__The input__.
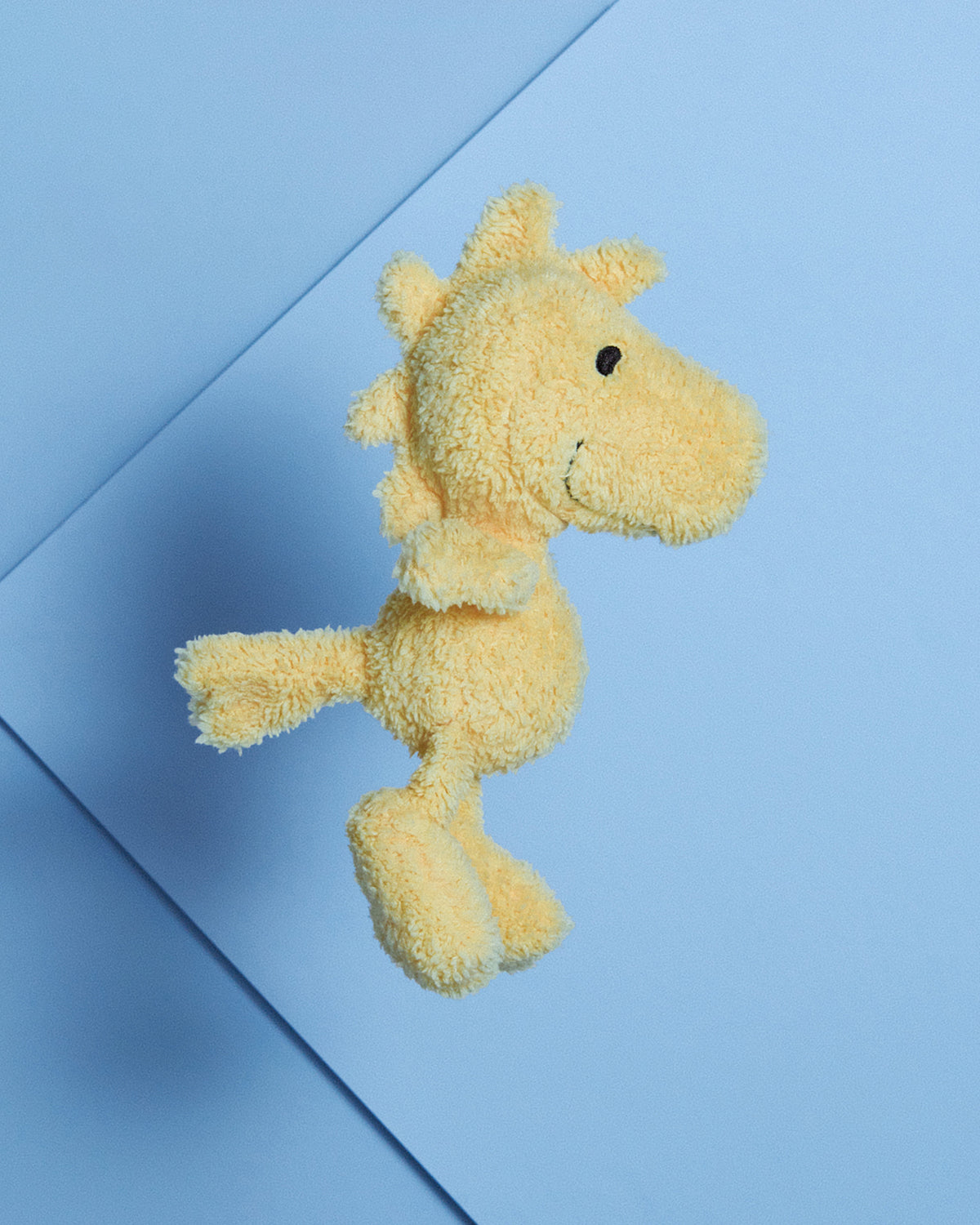 Plush PEANUTS WOODSTOCK Terry Yellow 6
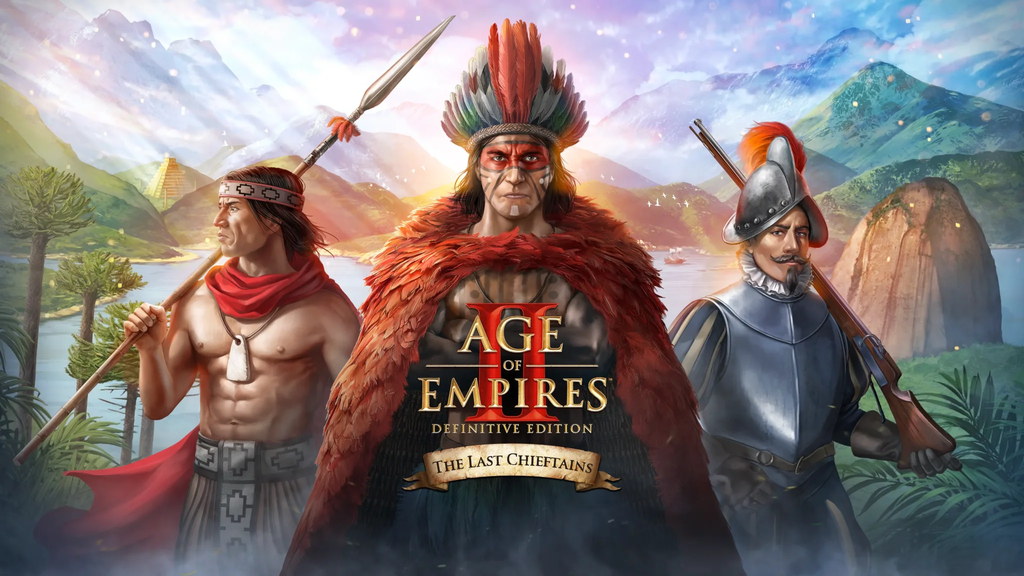As civilizações mapuche, muisca e tupi chegam ao Age of Empires II: Definitive Edition em fevereiro de 2026 (Imagem: Microsoft/Divulgação)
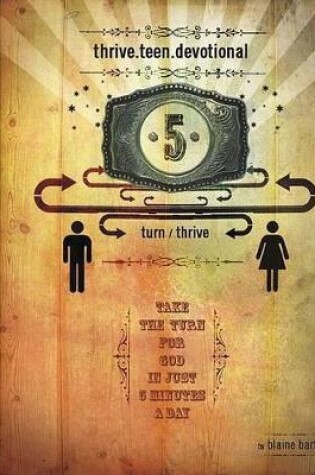 Cover of Thrive Teen Devotional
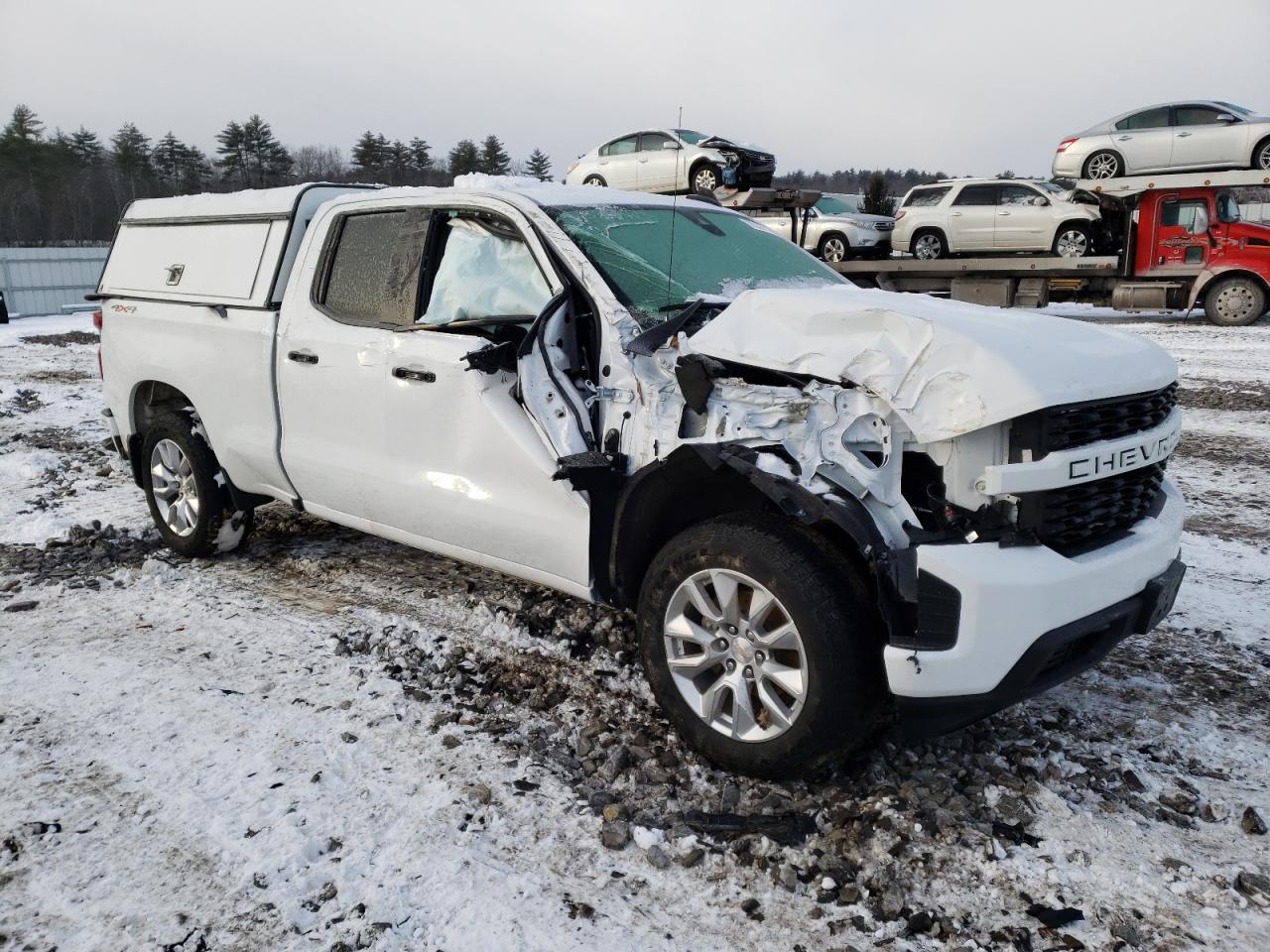 2022 CHEVROLET SILVERADO LTD K1500 CUSTOM VIN:2HGFA16839H304265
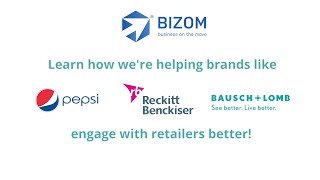 Enabling direct brand to retail commerce with Bizom Retailer App [upl. by Euqinimod]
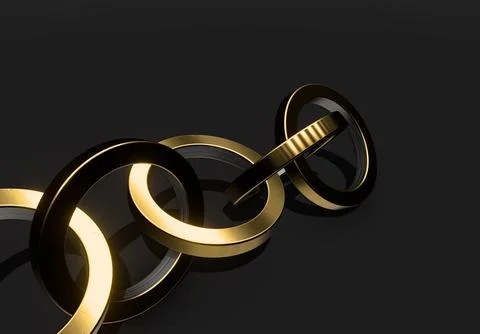 3d rings Stock Photos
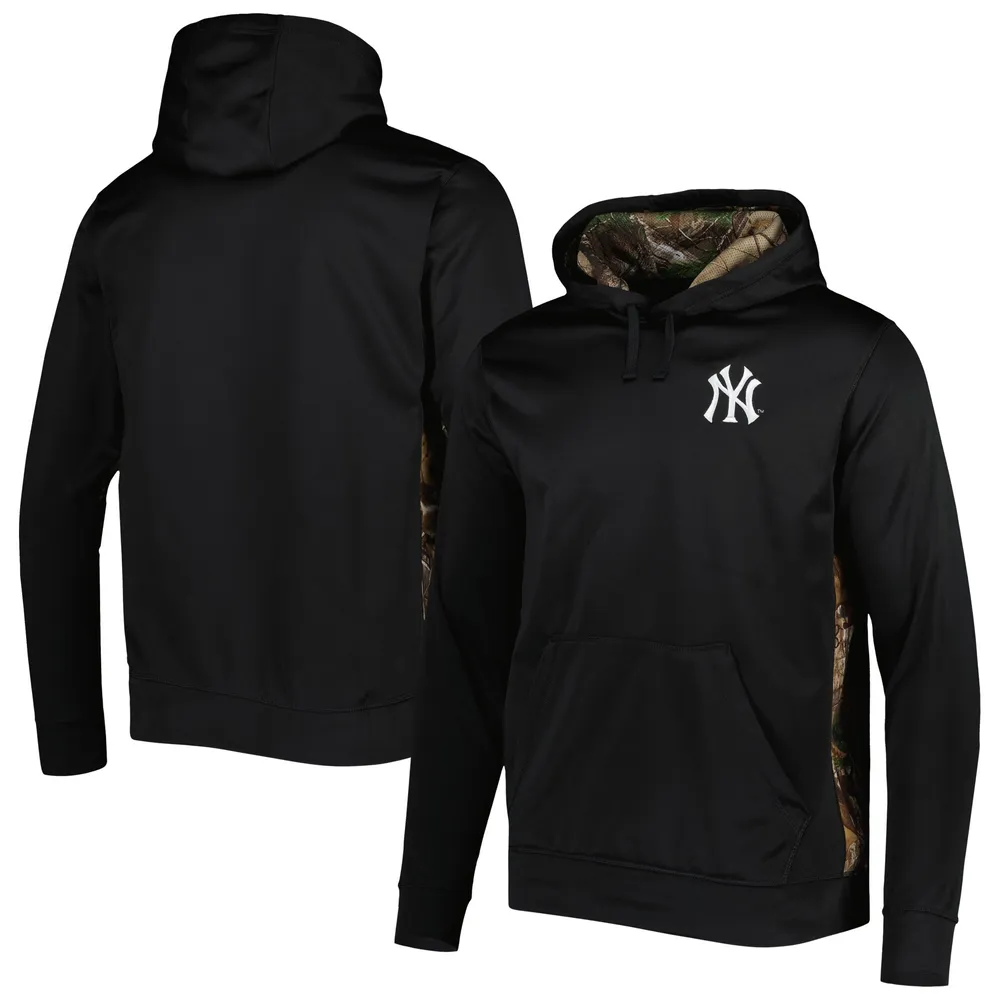 Chandail à capuchon Dunbrooke Ranger des New York Yankees pour homme, noir/camouflage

__What to work on__. Output each entry verbatim; none of the pictures should be included.

__Answer section__.
 Plush PEANUTS WOODSTOCK Terry Yellow 6
As civilizações mapuche, muisca e tupi chegam ao Age of Empires II: Definitive Edition em fevereiro de 2026 (Imagem: Microsoft/Divulgação)
 Cover of Thrive Teen Devotional
 2022 CHEVROLET SILVERADO LTD K1500 CUSTOM VIN:2HGFA16839H304265
 Enabling direct brand to retail commerce with Bizom Retailer App [upl. by Euqinimod]
 3d rings Stock Photos
 Chandail à capuchon Dunbrooke Ranger des New York Yankees pour homme, noir/camouflage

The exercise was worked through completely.